The assignment instructions are in the README.md file. The downloaded text documents are:
Activity_labels.txt : 6 obs of 2 variables ($V1: int (1-6); $V2: factor with 6 levels)
Features.txt: 561 obs of 2 variables ($V1: int (1-561)): $V2: factor with 477 levels)
subject_test.txt : 2947 obs. of 1 variable (int)
subject_train.txt : 7352 obs. of 1 variable (int)
X_test : 2947 obs. of 561 variables (num)
y_test : 2947 obs. of 1 variable (int)
X_train : 7352 obs. of 561 variables (num)

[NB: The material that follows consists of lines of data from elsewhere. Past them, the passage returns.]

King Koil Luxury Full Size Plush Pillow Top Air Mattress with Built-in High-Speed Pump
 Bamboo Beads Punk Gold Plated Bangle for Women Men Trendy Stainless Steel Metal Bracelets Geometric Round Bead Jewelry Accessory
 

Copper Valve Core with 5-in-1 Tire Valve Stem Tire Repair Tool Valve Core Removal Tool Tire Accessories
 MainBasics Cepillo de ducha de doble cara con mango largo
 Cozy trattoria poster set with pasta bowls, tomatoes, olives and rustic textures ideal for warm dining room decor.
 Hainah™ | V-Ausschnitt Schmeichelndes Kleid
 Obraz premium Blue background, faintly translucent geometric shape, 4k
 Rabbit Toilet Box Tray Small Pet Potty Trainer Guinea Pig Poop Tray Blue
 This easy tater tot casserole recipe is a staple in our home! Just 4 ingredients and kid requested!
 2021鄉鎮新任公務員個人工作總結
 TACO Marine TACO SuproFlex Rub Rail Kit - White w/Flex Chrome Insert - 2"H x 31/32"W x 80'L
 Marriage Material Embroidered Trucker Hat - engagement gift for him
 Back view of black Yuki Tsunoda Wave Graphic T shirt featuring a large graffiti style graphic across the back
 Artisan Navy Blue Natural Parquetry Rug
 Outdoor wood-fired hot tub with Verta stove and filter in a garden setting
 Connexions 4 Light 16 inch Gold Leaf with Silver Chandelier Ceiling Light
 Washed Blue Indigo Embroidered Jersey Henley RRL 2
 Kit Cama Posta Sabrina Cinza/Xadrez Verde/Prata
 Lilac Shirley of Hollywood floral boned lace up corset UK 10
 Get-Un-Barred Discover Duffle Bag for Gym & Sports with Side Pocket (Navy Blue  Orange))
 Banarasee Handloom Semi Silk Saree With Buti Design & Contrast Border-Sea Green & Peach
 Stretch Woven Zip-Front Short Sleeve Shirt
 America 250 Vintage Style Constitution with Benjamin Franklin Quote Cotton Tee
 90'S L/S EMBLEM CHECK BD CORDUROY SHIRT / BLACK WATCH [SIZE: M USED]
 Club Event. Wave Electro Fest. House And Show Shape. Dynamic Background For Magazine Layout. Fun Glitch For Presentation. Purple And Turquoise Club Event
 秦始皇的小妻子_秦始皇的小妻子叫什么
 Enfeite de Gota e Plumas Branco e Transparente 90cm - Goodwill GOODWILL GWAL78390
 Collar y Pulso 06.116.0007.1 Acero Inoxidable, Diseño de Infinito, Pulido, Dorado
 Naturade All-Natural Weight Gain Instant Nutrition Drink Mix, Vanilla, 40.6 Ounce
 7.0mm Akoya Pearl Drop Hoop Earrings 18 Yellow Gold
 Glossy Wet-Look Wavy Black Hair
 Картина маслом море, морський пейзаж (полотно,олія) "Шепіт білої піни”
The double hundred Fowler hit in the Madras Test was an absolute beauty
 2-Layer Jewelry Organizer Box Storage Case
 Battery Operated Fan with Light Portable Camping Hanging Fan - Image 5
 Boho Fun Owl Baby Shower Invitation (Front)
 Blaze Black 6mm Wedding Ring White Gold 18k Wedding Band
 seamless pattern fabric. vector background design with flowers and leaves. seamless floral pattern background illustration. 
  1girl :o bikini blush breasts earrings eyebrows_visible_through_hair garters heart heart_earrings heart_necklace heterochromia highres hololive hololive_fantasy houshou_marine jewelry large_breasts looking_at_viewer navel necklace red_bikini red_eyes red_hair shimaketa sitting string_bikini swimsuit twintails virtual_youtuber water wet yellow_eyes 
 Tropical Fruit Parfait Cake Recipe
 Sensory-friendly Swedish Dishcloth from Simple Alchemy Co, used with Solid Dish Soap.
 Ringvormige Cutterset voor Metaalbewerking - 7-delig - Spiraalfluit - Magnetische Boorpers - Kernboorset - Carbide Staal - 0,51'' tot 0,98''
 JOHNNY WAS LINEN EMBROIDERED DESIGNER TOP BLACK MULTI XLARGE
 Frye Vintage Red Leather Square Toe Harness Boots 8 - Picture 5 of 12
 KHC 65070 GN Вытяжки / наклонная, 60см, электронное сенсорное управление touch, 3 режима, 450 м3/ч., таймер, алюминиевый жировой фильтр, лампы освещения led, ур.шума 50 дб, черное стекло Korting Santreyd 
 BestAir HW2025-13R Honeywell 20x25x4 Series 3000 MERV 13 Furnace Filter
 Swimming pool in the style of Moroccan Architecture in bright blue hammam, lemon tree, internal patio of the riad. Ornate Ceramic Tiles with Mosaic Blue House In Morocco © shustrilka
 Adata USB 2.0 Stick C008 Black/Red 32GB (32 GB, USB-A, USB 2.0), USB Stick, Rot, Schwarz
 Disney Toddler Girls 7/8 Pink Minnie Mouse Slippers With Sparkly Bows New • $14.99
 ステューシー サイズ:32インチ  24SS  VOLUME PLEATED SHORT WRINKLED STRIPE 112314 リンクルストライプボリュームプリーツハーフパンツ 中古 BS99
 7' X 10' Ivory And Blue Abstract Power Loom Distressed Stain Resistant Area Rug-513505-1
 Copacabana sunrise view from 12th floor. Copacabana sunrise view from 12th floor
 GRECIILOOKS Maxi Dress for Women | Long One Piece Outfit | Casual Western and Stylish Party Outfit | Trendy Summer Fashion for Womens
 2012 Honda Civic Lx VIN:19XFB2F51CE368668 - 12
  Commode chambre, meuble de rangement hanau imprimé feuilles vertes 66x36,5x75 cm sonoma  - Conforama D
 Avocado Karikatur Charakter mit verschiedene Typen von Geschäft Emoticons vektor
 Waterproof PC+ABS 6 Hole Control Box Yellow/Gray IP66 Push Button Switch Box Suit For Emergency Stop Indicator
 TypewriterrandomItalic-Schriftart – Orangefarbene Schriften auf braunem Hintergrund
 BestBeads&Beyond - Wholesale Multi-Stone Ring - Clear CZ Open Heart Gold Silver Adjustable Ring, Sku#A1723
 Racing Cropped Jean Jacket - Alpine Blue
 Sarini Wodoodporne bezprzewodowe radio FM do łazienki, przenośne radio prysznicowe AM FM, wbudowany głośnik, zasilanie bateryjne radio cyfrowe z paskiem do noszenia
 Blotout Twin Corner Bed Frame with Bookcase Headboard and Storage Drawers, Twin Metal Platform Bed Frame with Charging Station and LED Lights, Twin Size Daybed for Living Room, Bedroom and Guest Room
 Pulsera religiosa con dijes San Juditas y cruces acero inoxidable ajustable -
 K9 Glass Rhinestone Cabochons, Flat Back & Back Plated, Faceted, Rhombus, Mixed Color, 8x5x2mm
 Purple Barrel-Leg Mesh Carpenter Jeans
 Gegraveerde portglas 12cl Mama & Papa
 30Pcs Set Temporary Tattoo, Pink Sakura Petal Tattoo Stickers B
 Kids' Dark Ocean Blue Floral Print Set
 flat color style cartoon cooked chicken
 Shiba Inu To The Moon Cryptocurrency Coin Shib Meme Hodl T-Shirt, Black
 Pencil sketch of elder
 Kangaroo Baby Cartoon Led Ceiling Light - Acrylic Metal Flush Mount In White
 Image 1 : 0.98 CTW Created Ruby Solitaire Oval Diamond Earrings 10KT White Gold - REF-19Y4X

y_train : 7352 obs of 1 variable (int)
Based on the above dimensions and presence or absence of column name, to build the required tidy data set, the following steps were taken:
read above files into separate dataframes
assign column 2 of features as column names for X_train and X_test
assign colnames to subject_test and subject_train
add extra column with activity labels($V2) to y_test and y_train
assign descriptive colnames to y_test and y_train ('activity label' and 'activity id')
bind data: 1) subject_test, y_test and X_test, and 2) subject_train, y_train and X_train
subset rows in test and train dfs with mean or std plus subject and activity label column
merge test and train data
create tidy data set with averages aggregated on subject and activity
write tidy data set to a file